All of these advantages improve the longevity and the long-term reliability of the watch while preserving its value.
Artisanally crafted, one by one
Every single CHR 27-525 PS movement is manually crafted in the manufacture’s haute horlogerie ateliers. Each one is composed of components that are individually filed, chamfered, polished, adjusted, and finished. When all the parts are ready, they are assembled in a so-called repassage en blanc procedure, after which all functions are tested. Subsequently, the entire movement is disassembled again. Once all parts have been meticulously cleaned, they are reassembled, lubricated, and fine-tuned. Thus, using ancestral production methods, Patek Philippe’s watchmakers create horological masterpieces that exceed the expectations of even the most discerning connoisseurs.
Ordinarily, horological bijoux like this ultra-thin split-seconds monopusher chronograph movement are integrated in precious-metal cases. But Patek Philippe is always good for a surprise, as in 1976 when the manufacture launched its casually elegant Nautilus model with a provocative headline: “One of the world's most expensive watches is made of steel.” The Twenty~4® followed in the 1990s with a novel combination of steel and diamonds. And now, the Ref. 5950A rattrapante chronograph is here, with a cushion-shaped case in solid stainless steel that is water-resistant to 30 meters. The sapphire-crystal glass is cushion-shaped as well and slightly cambered, as is the display back. It affords a view of the breathtaking mechanisms that constitute the world’s thinnest split-seconds chronograph with columnwheel control. The caliber is framed by a satin-finished surround with gold-filled engravings. Owners who are overwhelmed by so much beauty can have the sapphire-crystal case back replaced with the solid metal back that is supplied with the watch.

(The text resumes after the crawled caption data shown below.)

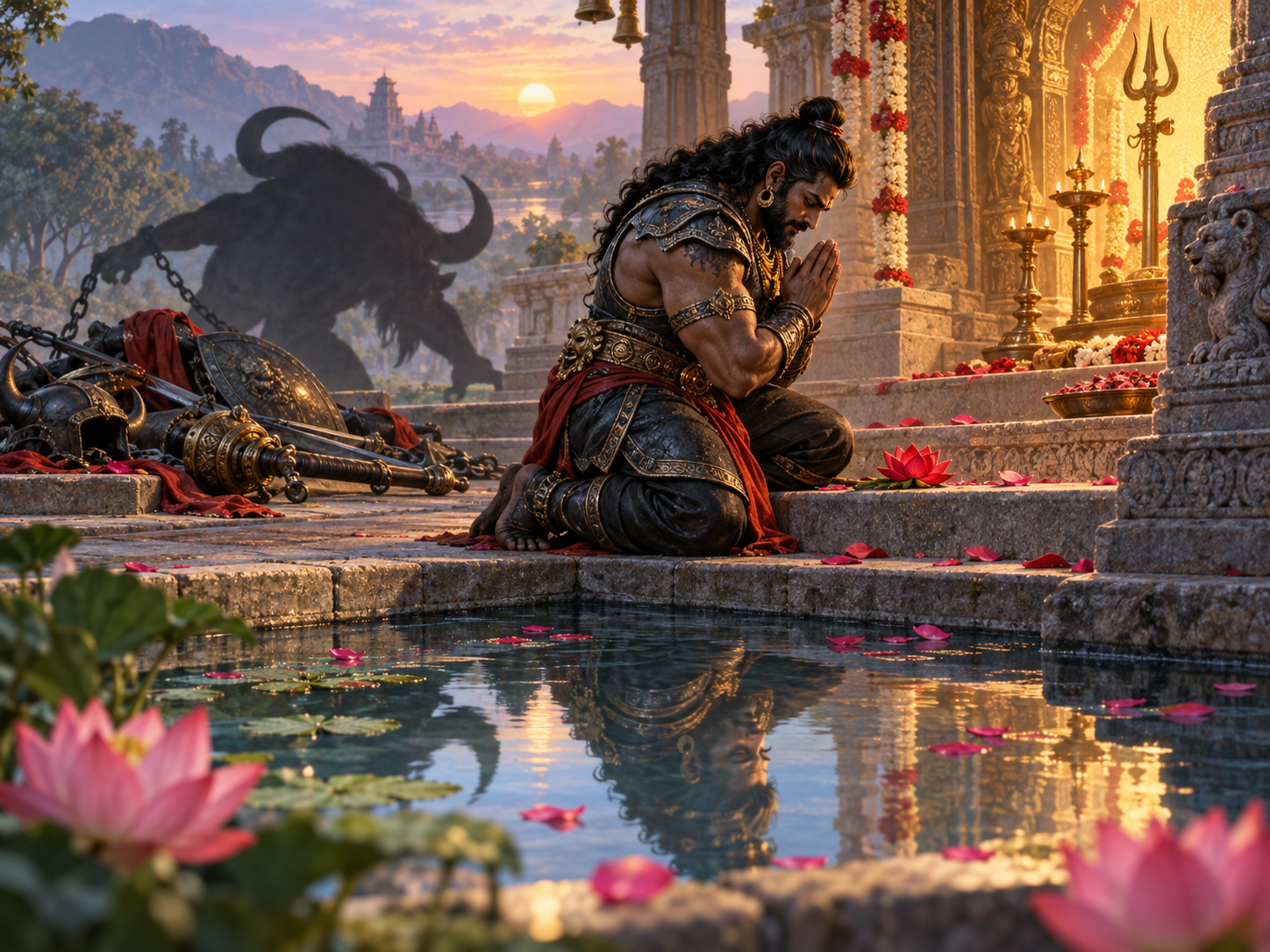 A kneeling asura offers a red lotus at a glowing shrine while his buffalo-shaped shadow reaches toward weapons and his reflection appears calm and unarmed.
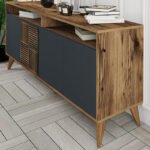 Μπουφές Milan Megapap χρώμα καρυδί - ανθρακί 180x35x78,6εκ. - Image 4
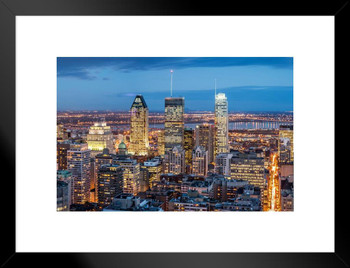 Montreal Canada City Skyline At Dusk Photo Matted Framed Art Print Wall Decor 26x20 inch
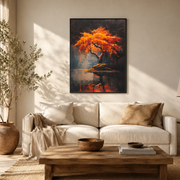 Living room mockup of orange tree lake reflection canvas wall art above a light sofa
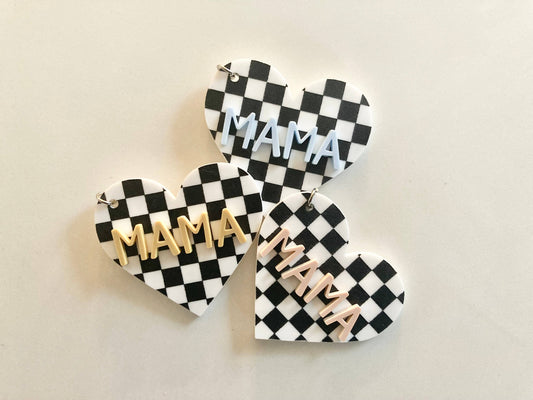 Checkered Heart Mama Keychain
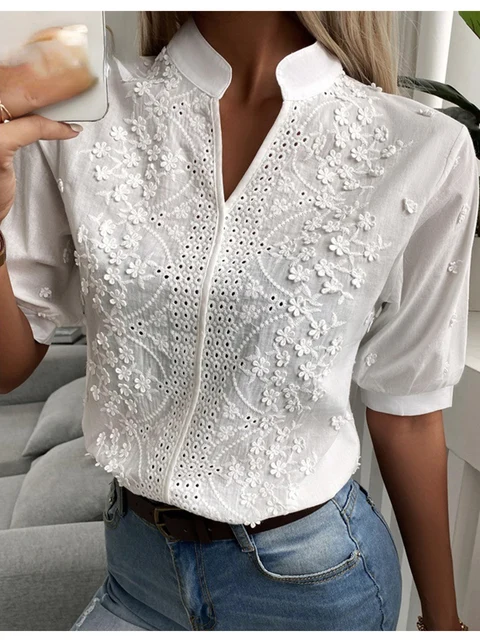 Chic Solid Hollow-out V Neck Lace Blouse Floral Patterns Embroidery Decoration Casual Women Shirt Puff Sleeved Half Cotton Tops White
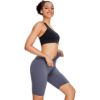 Picture of High Waist Hip Lifting Yoga Shorts Solid Color Elastic Peach Hip Sports Pants High Elastic Tight Mid-Pants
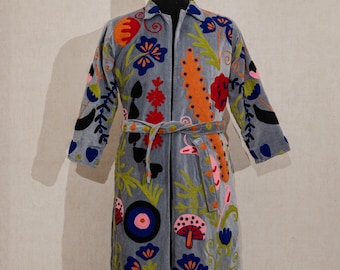 Velvet Suzani Jacket: Embroidered Uzbek Design Overcoat, Women's Outerwear Long Jacket
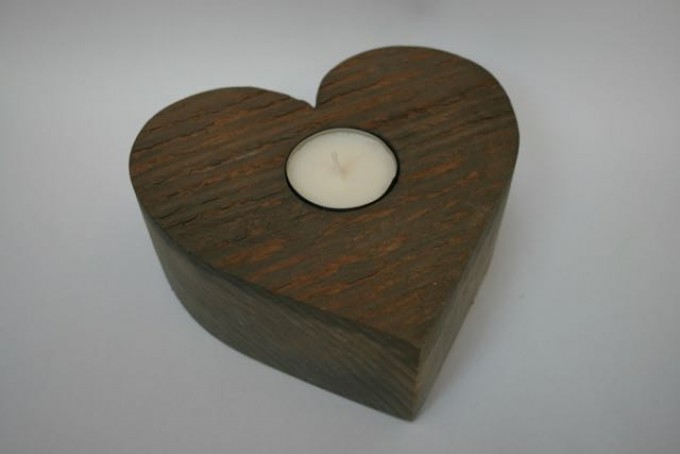 Kernholz Holzherz Grau Kernholz Holzherz Grau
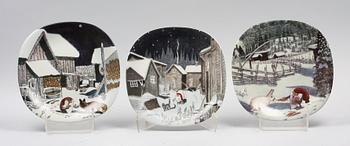 JULTALLRIKAR, 8 st, porslin, Guldkroken.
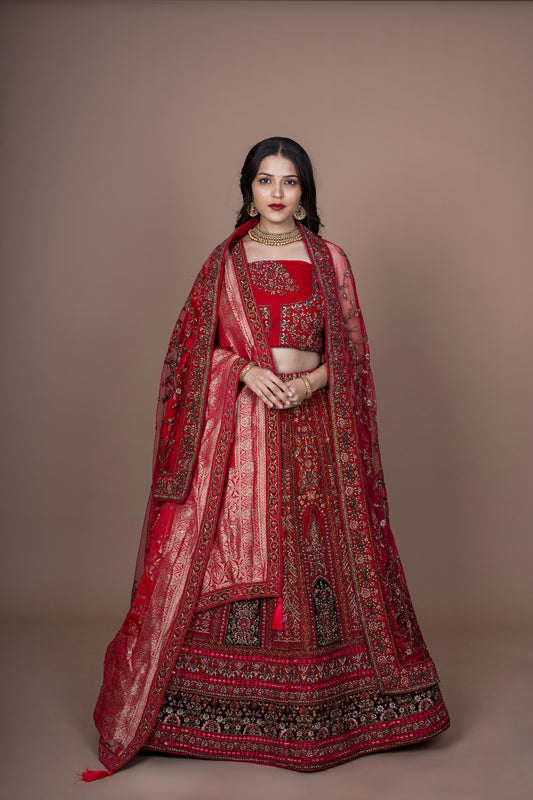 Cherry Red Velvet Bridal Lehenga With Embroidery Work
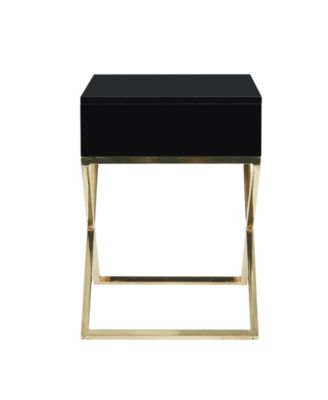 Gekko Lacquer Nightstand with Metal X-Legs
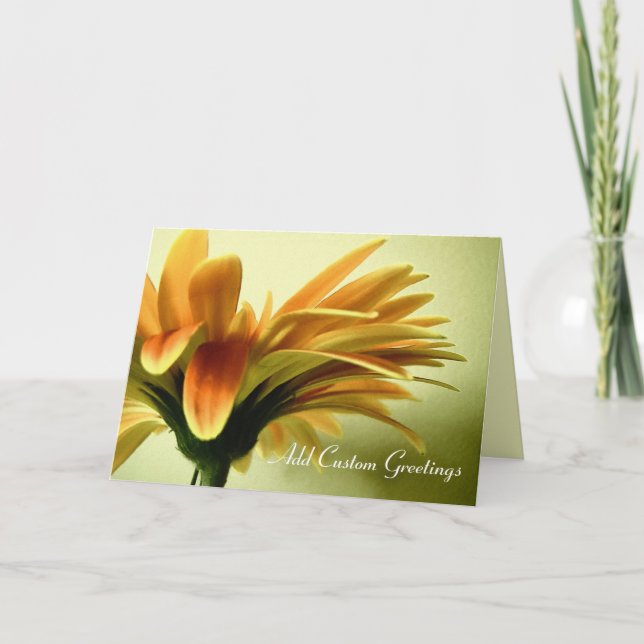 Orange Gerbera Flower avec carte de voeux texte pe (Devant)
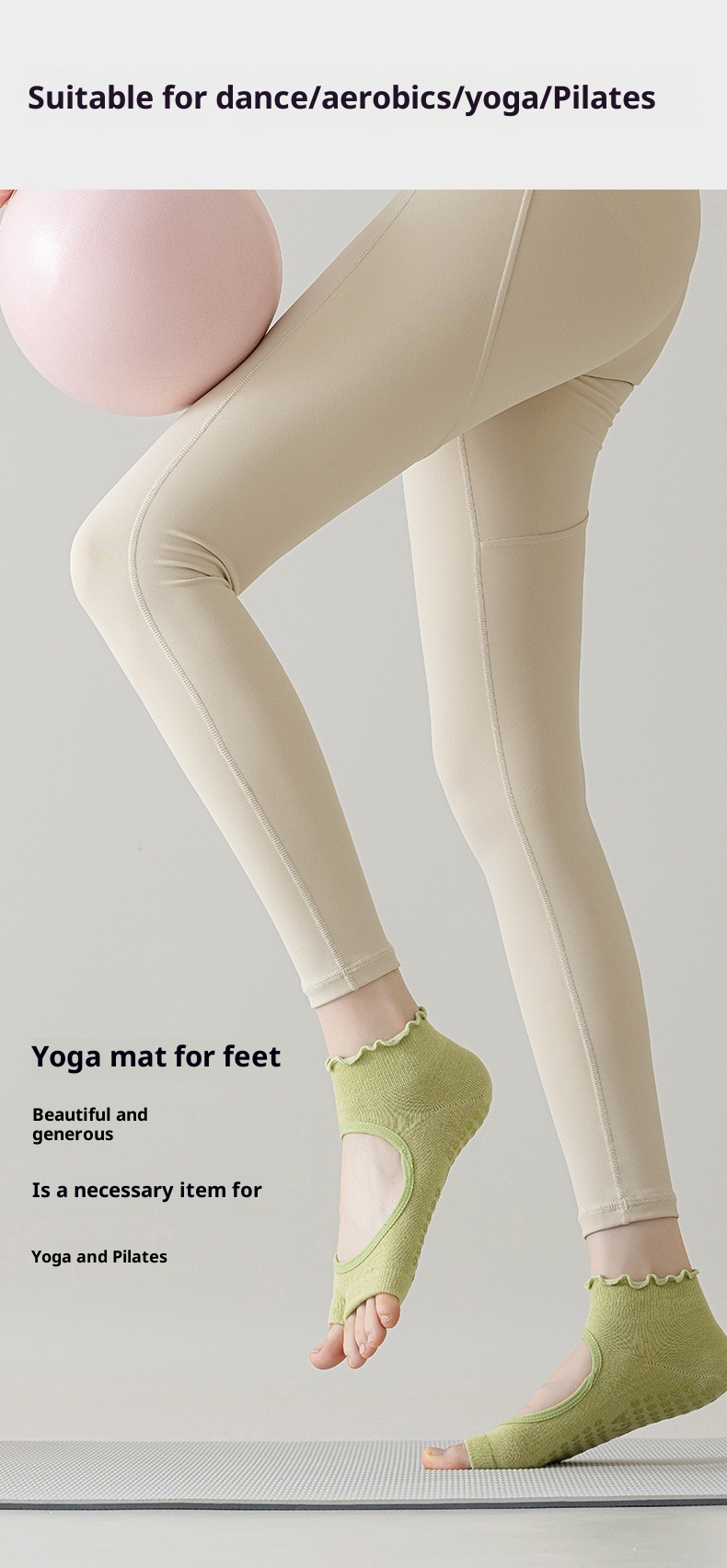 001 Calzini sportivi in pizzo con punta aperta, traspiranti, antiscivolo, per Pilates, Yoga, Fitness e Danza, in cotone, assorbenti e traspiranti_voghion.com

The steel strongbox is worn on a hand-stitched brown alligator strap with rectangular scales. Its prong buckle in 18K white gold is decorated with a black-lacquered engraving.
A functionally elegant dial
The matt silvery sheen of the dial of the Ref. 5950A matches the deep gloss of the polished steel case. The crisp railway track minute scale emphasizes the masculine, technical look of the split-seconds chronograph. The four dial corners between the circular minute scale and the cushion-shaped bezel are decorated with with fine black-lacquered engravings that add a touch of graceful elegance. Short- time and lap-time measurements are performed with black oxidized, counterbalanced chronograph and rattrapante hands.
The time of day is indicated with two elegant, blackened leaf-shaped hands in 18K white gold that point at applied Breguet numerals, also in blackened 18K white gold. The watch has two subdials with intricate circular guilloché patterns: the running seconds are displayed at 9 o'clock, and the continuously running 60-minute counter is positioned at 3 o'clock. Both leaf-shaped subdial hands are made of black oxidized 18K white gold to match the overall personality of the watch.
Patek Philippe’s Ref. 5950A split-seconds monopusher chronograph is a further manifestation of the manufacture’s independence. It has taken the liberty to present a stopwatch that in a fascinating way violates the conventions of haute horlogerie and creates its own market segment. The Ref. 5950A features a stunningly thin rattrapante movement produced one at a time by the most gifted watchmakers and cased up in stainless steel. But both the caliber and the case are finished to such a degree of perfection that they are symbiotic – as befits a creation signed by Patek Philippe.